3.2 Market Elasticities: Measuring How People Respond to Change

3.2.1 Motivation and Guiding Questions

The previous section showed how to construct analytical diagrams for perfectly competitive markets in any given situation. Those were purely qualitative models, designed to show causal mechanisms behind observed outcomes, but economists often need to estimate quantitative magnitudes of likely response to a change in circumstances. When shifts in supply, demand or trade opportunities occur, how much change will we see in prices and quantities? When governments introduce taxes or regulations, how much change will we see in production and consumption?
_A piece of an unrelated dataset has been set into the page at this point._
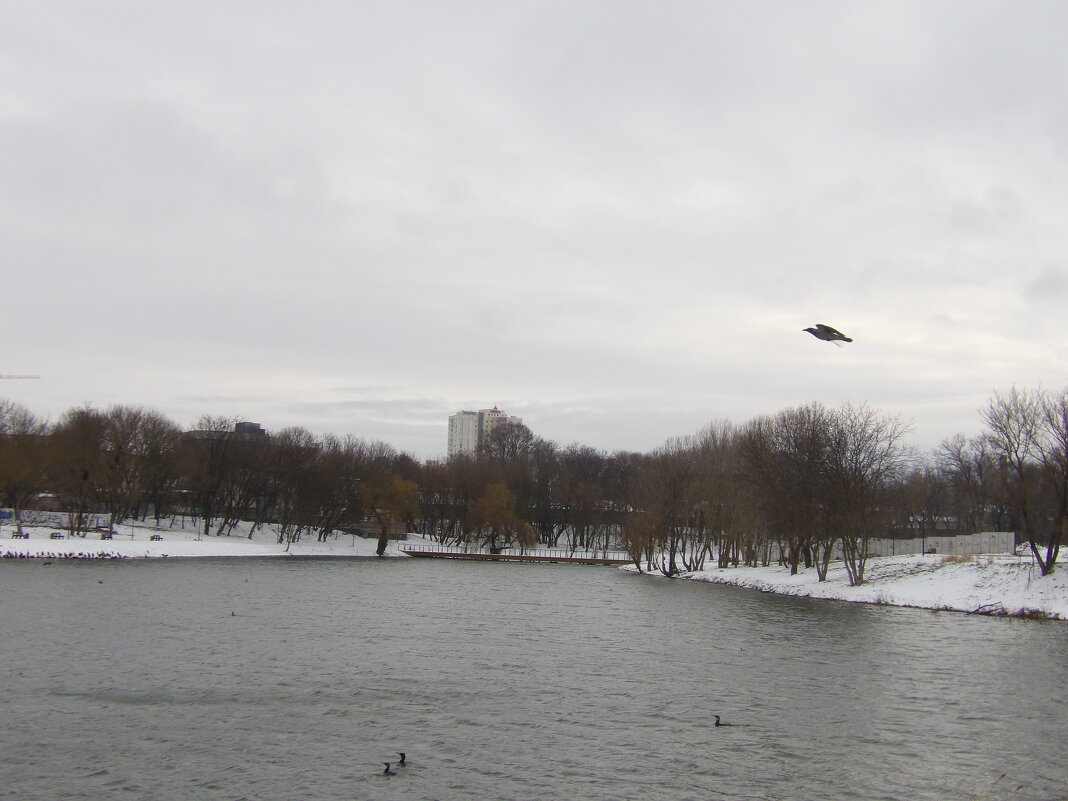 Зимний  пейзаж - Валентин Семчишин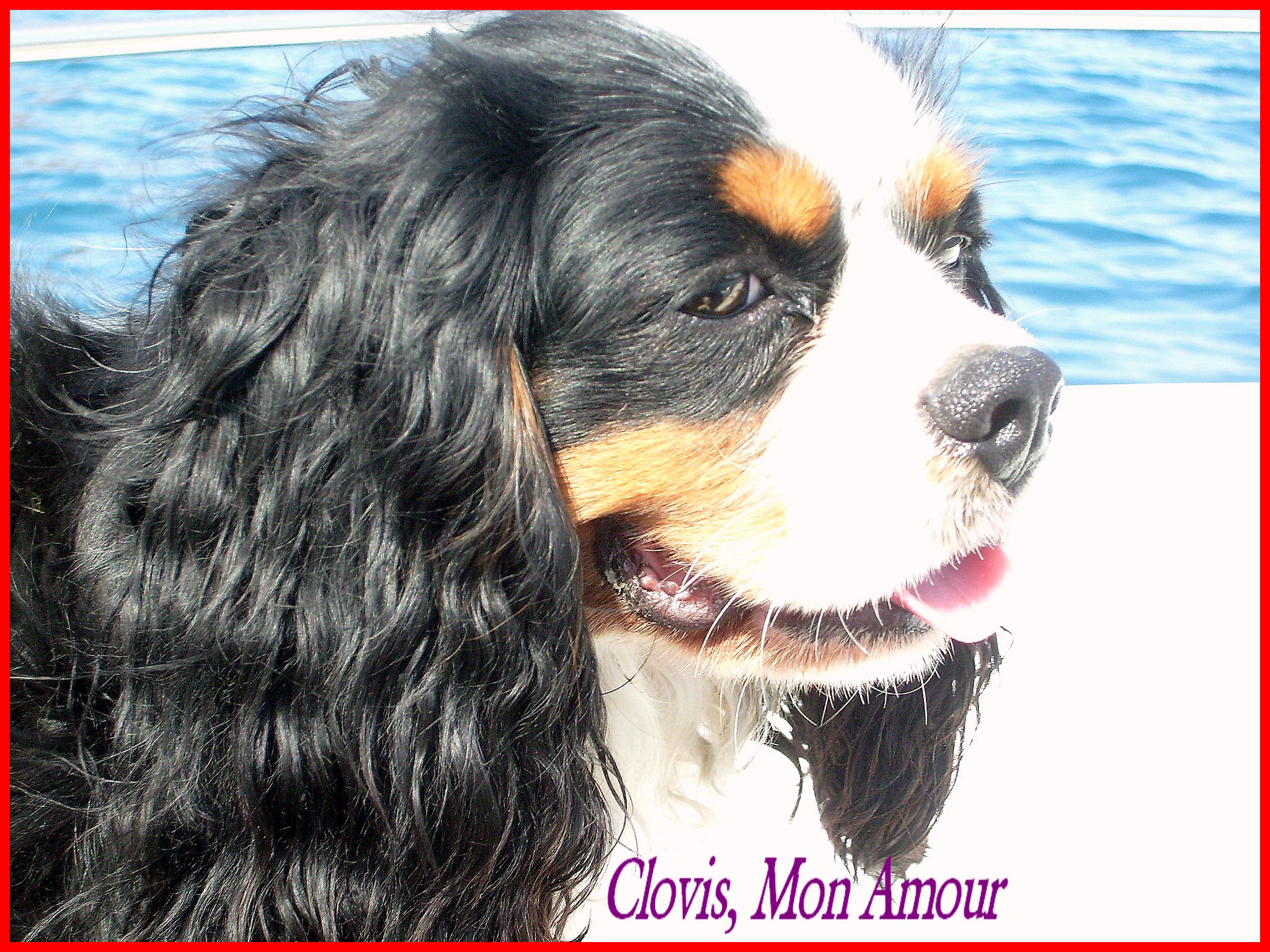 Image h�berg�e par Casimages.com : votre h�bergeur d images simple et gratuit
Market diagrams can be drawn for transactions using many different units of measure, such as servings per day or tons per year. Prices may be measured in any currency, such as pesos or dollars whose value differs at each place and time. Quantifying how much change to expect calls for subject-matter knowledge, including familiarity with many kinds of data about the factors that influence behavior. To compare findings across settings, it is very helpful to report results as elasticities of change in quantity.

Elasticities of response are the percent change in quantity observed due to a one percent change in something else. Discussing change in terms of elasticity is helpful not only to measure and compare magnitudes of change, but also to make qualitative predictions such as whether an intervention will have any effect at all on buyers or sellers.

So far, we have seen how individual choices lead to societal outcomes within a market. Introducing elasticities of response allows us to begin discussion of other factors that affect outcomes, including government interventions or environmental, technological and other shifts. Later chapters will show data visualizations of how much change has actually occurred and the magnitude of differences observed in populations around the world.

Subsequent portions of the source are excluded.